In essence, with a memoir, there is no "story" in the absolute sense. There is only a deep dive into what the audience will pony up time and money to read.
It could be juicy details from the politico's until-then secret life. Those are always fun and usually always sell.
It could be insights into how to create a presence, no matter who you are and even if you might be stuck at the time.
It could be warnings about career strategies that blow up 99% of the time.
That's the purpose of a memoir: To deliver what wasn't available before, in the handy format of a supposed "story."
The tragic flaw among most of those planning a memoir is their naive belief in the power of their story. The old-fashioned term for that was "over-confidence." And it stems from lack of experience. Because their story hasn't been tested out in the marketplace of dollars, eyeballs and buzz, they are certain that the details are worth, ha-ha-ha, the cost of a ghostwriter.
That's where we ghostwriters have to be totally selfless.
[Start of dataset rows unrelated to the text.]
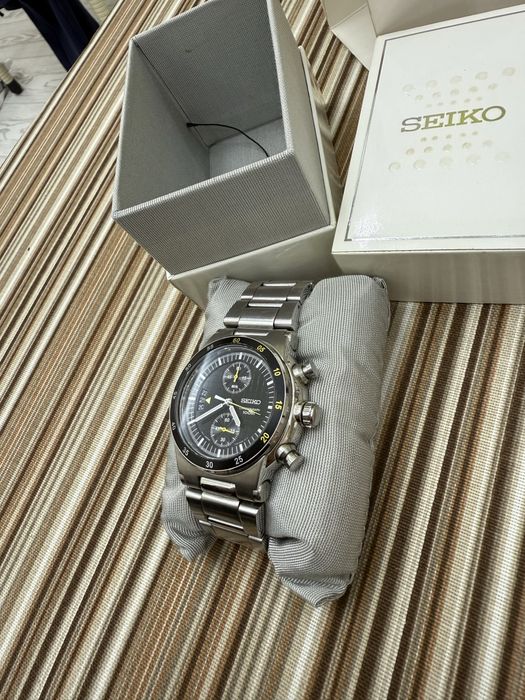 Продам часы Vintage Seiko chronograph 100m Steel (SNN117P1) 7T94-0AM0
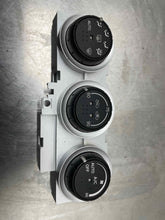 Load image into Gallery viewer, AC HEATER TEMP CONTROL Nissan 350Z 2004 04 - NW671348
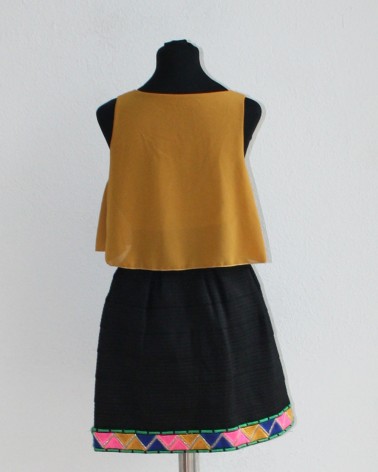 Falda de Fiesta Corta Negra con Triángulos de Colores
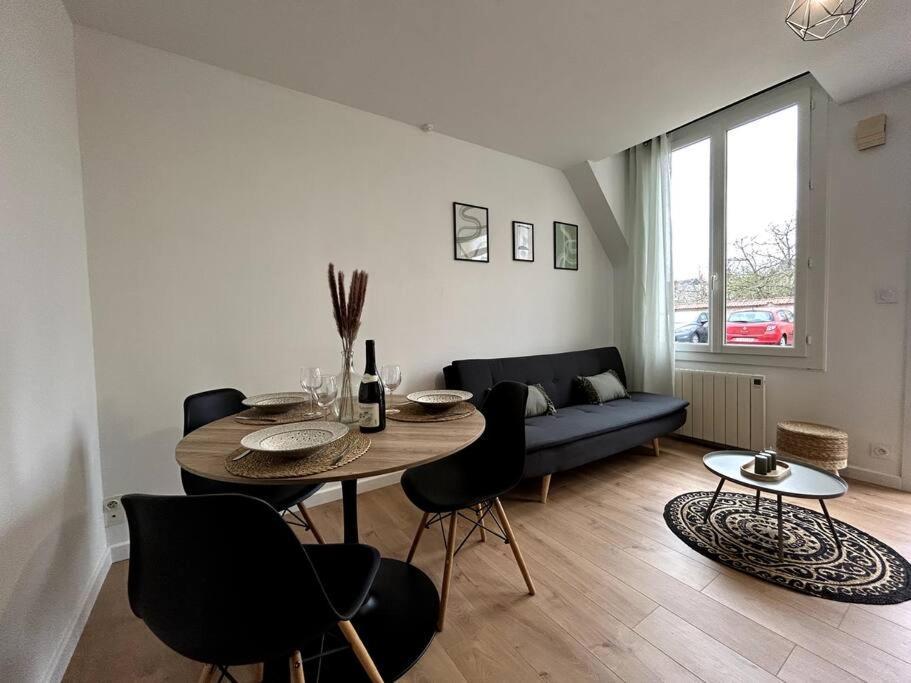 Logement Neuf - Proximite Centre Bourges Bagian luar foto
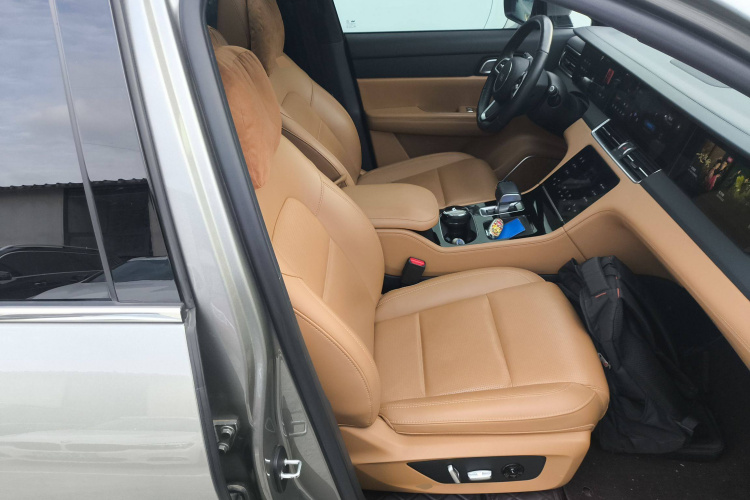 理想汽车 理想ONE 2021款 增程6座版局部细节41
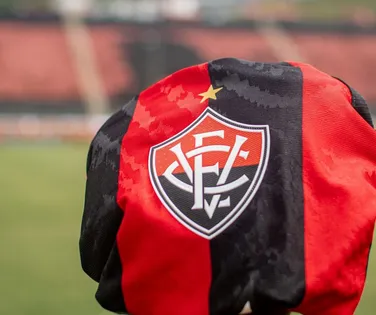 Vitória antecipa receitas por 50 anos e ignora SAF, dizem opositores - Imagem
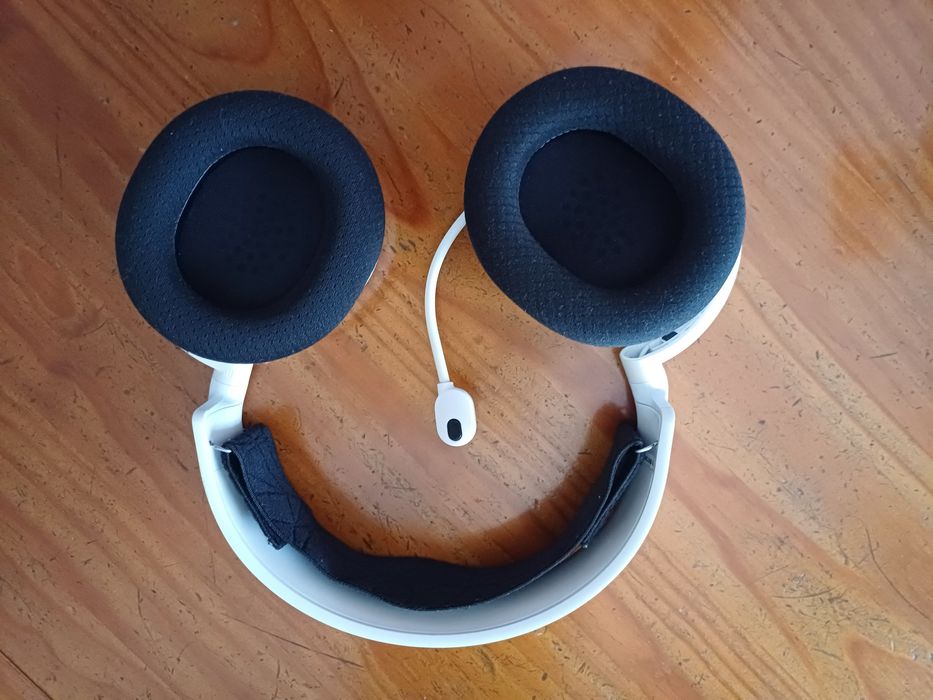 Headphones steelseries brancos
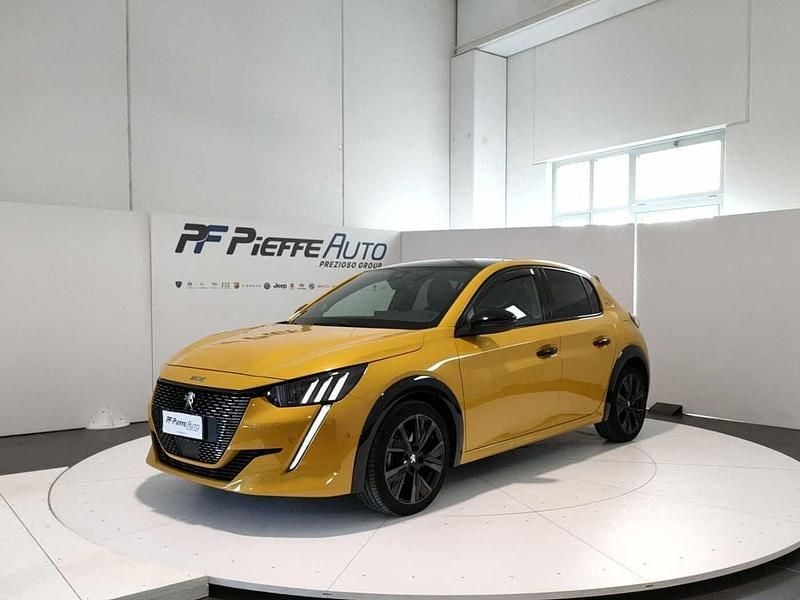 Usata Peugeot 208 GT 102 CV (75 kW) 2023 Giallo Utilitaria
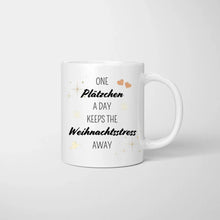 Load image into Gallery viewer, One Plätzchen a day keeps the Weihnachtsstress away - Personalisierte Tasse Freundinnen &amp; Kolleginnen (2-4 Personen)
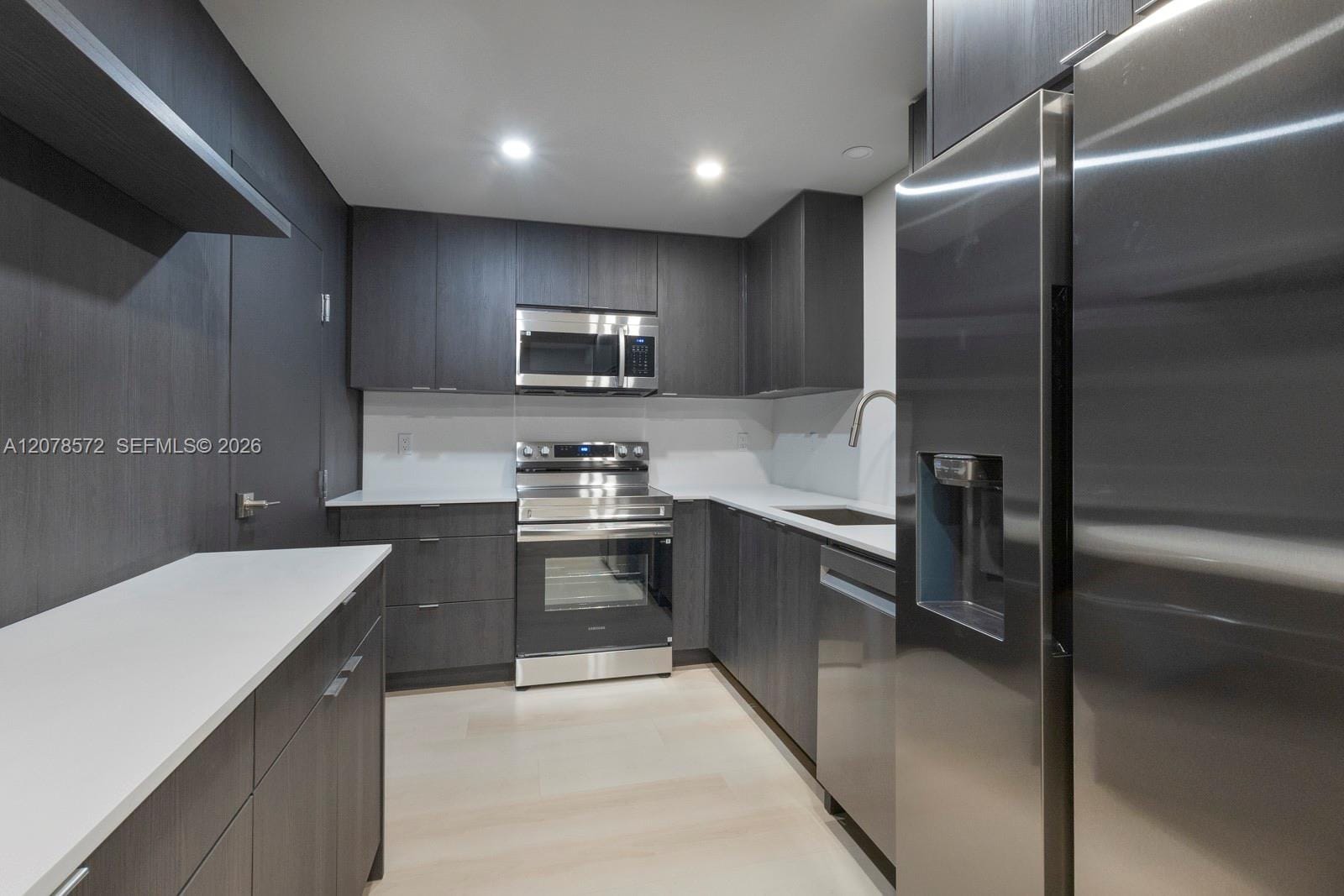 90 Edgewater Drive 224 — photo 9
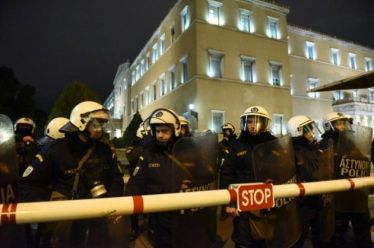 Προπηλακισμό Κουτσούμπα από τα ΜΑΤ καταγγέλλει το ΚΚΕ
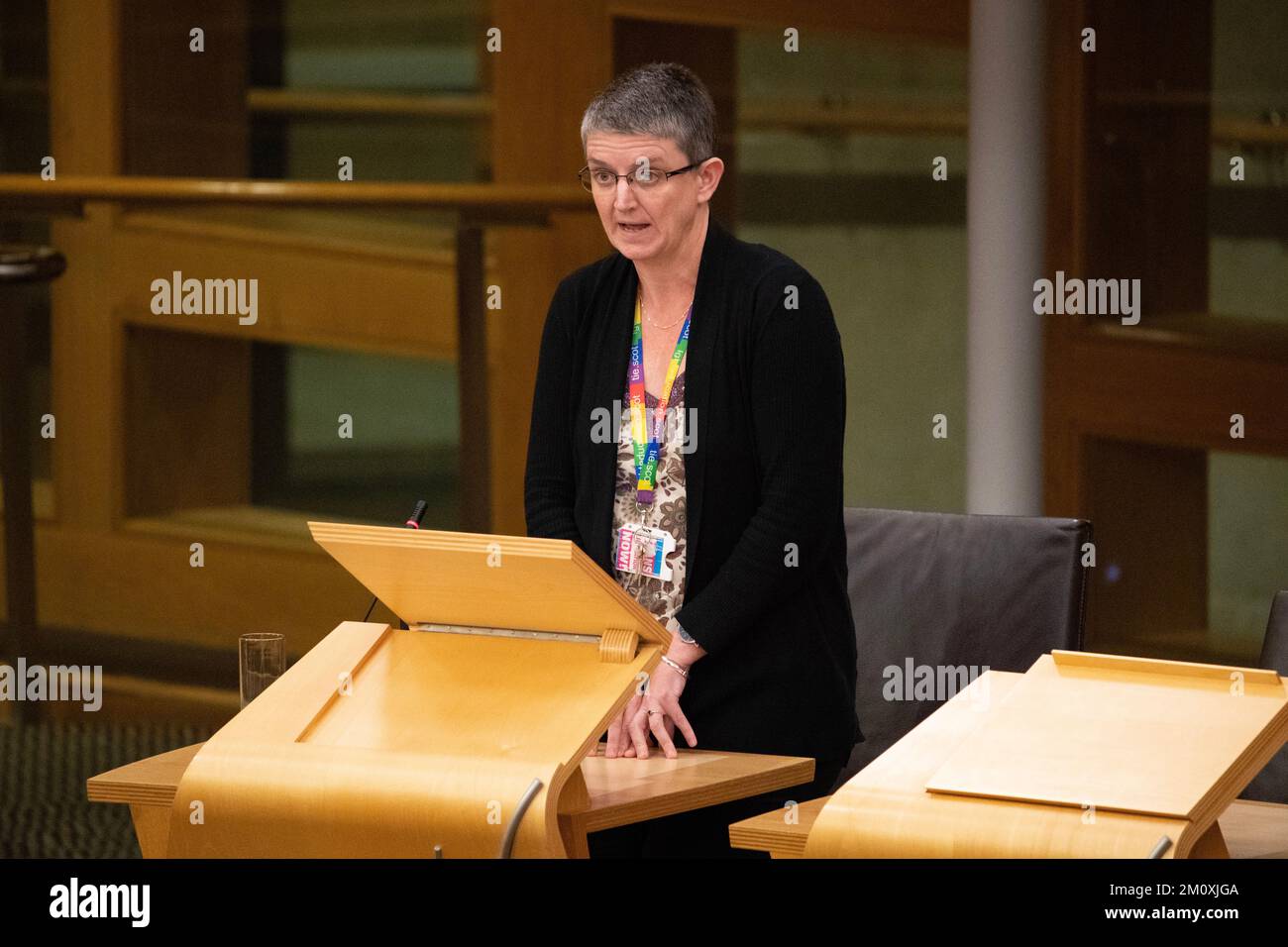 Edinburgh, Schottland, Großbritannien. 8.. Dezember 2022. ABBILDUNG: Maggie Chapman MSP, ehemalige Co Leader der schottischen Grünen Partei. Nachmittagssitzung in der Kammer in Holyrood im schottischen Parlament diskutieren wir über die UN-Menschenrechtsakte und darüber, wie der vorgeschlagene Gesetzentwurf des Gender Recognition Act (GRA) das Ergebnis beeinflussen wird. Kredit: Colin D Fisher Kredit: Colin Fisher/Alamy Live News Stockfoto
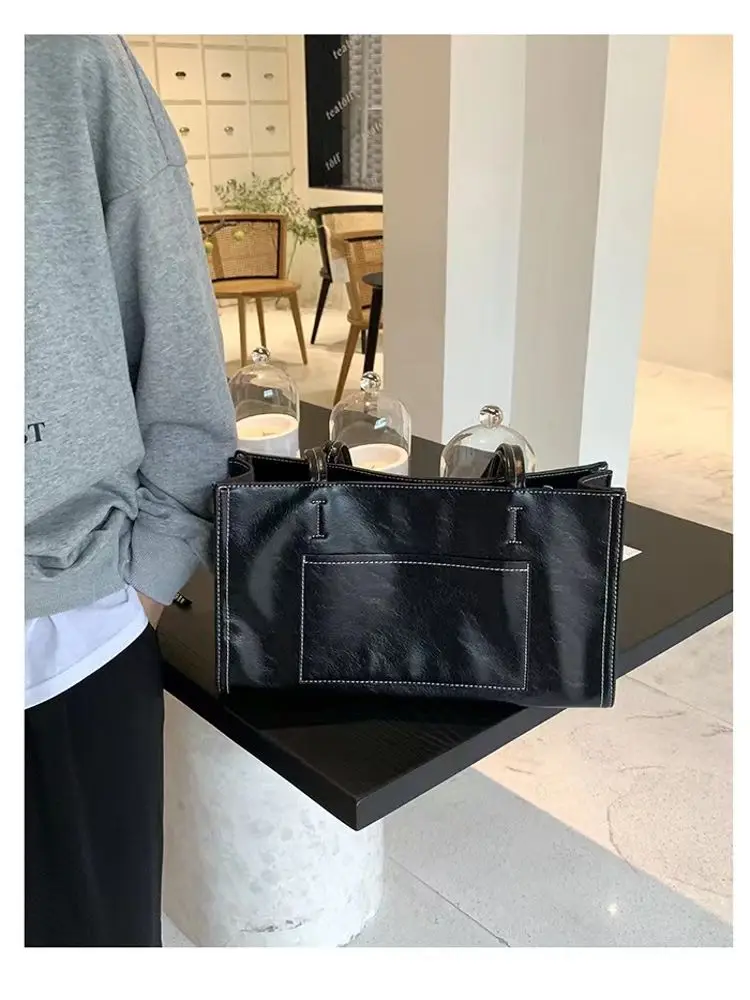 Fashion Trend Lady Commute Tote Bag High Quality Large Capacity Shoulder Bag Women Design Sewing Thread All-matching Daily Bag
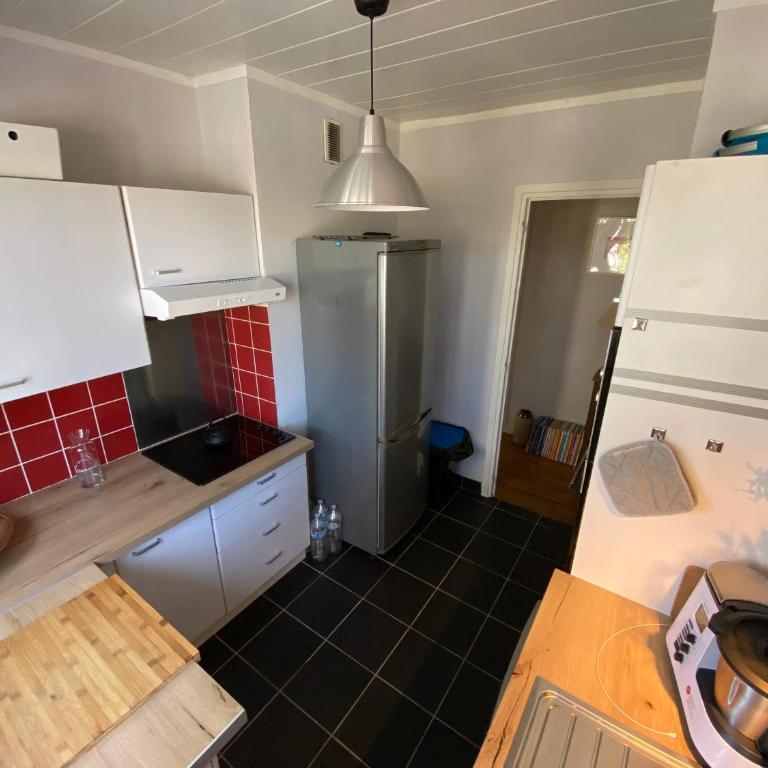 Belle Appartement lumineux avec balcon plein centre . - Appartamento con 3 Camere da Letto - 4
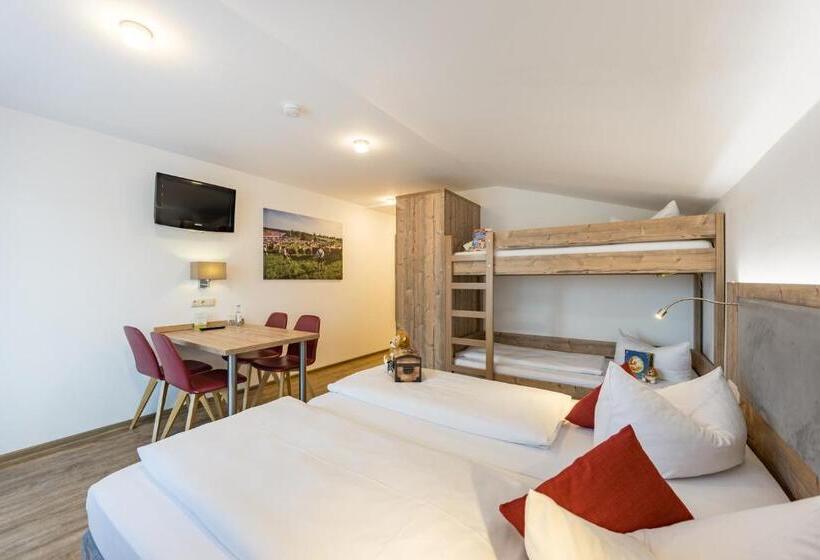 غرفة عائلية مطلّة علي الجبل, Familienhotel Löwen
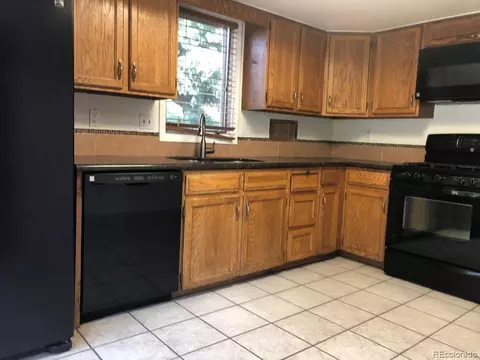 8102 E Bucknell Pl, Denver, CO 80231 photo 8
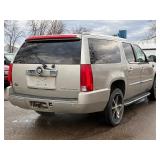 2008 CADILLAC ESCALADE ESV *All Wheel Drive* (NO RESERVE)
Instead of jumping to sign the contract for the first draft and a second one, if needed, we push back. We ask the prospect what are the takeaways from that personal narrative. Based on those, we might suggest alternatives. They might be a series of blog posts, an interview on YouTube, a bylined opinion-editorial published in a brandname such as The New York Times and/or a thousand tweets.
From Africa I received a call about a possible memoir regarding the man's education in the U.S., his struggle to re-orient himself in his homeland, and then how he found his niche as a teacher for very young children. My gut told me it was too much his story, with not enough takeaways for the audience. We agreed to several other alternatives.
Everyone has a story. Mostly everyone would fare better socially, emotionally and professionally if they lifted themselves out of the framework. And just lived in the today. Then there would be no temptation to tell any story.